» Work to be completed
Below is a listing; write it out exactly and drop any images from it.

» Input data

-------------------------

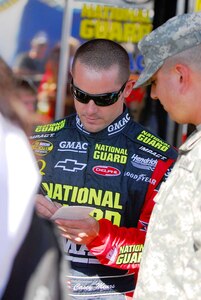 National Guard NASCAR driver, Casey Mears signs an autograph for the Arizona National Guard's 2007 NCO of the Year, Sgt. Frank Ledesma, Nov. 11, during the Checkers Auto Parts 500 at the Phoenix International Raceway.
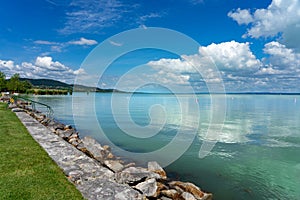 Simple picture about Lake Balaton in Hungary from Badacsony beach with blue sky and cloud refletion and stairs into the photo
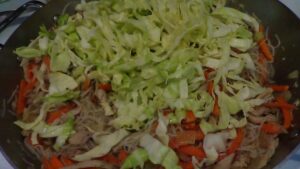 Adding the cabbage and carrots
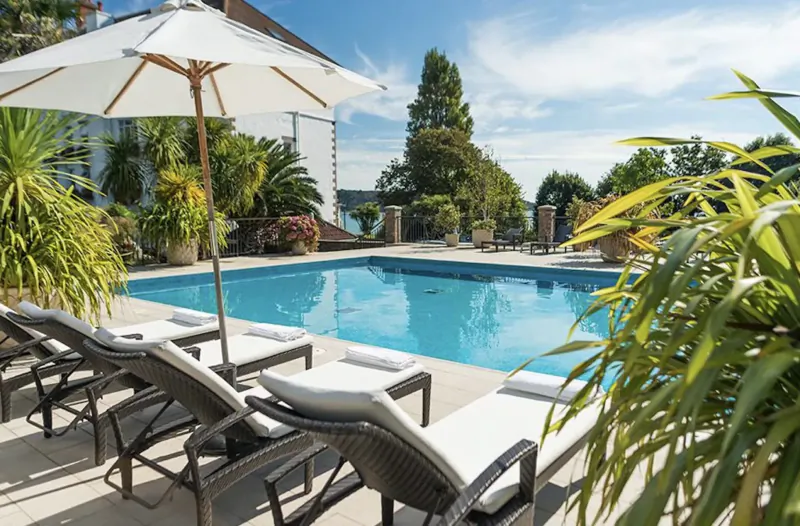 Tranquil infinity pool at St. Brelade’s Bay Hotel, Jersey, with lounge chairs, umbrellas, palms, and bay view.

-------------------------

» Result
 National Guard NASCAR driver, Casey Mears signs an autograph for the Arizona National Guard's 2007 NCO of the Year, Sgt. Frank Ledesma, Nov. 11, during the Checkers Auto Parts 500 at the Phoenix International Raceway.
 Simple picture about Lake Balaton in Hungary from Badacsony beach with blue sky and cloud refletion and stairs into the photo
 Adding the cabbage and carrots
 Tranquil infinity pool at St. Brelade’s Bay Hotel, Jersey, with lounge chairs, umbrellas, palms, and bay view.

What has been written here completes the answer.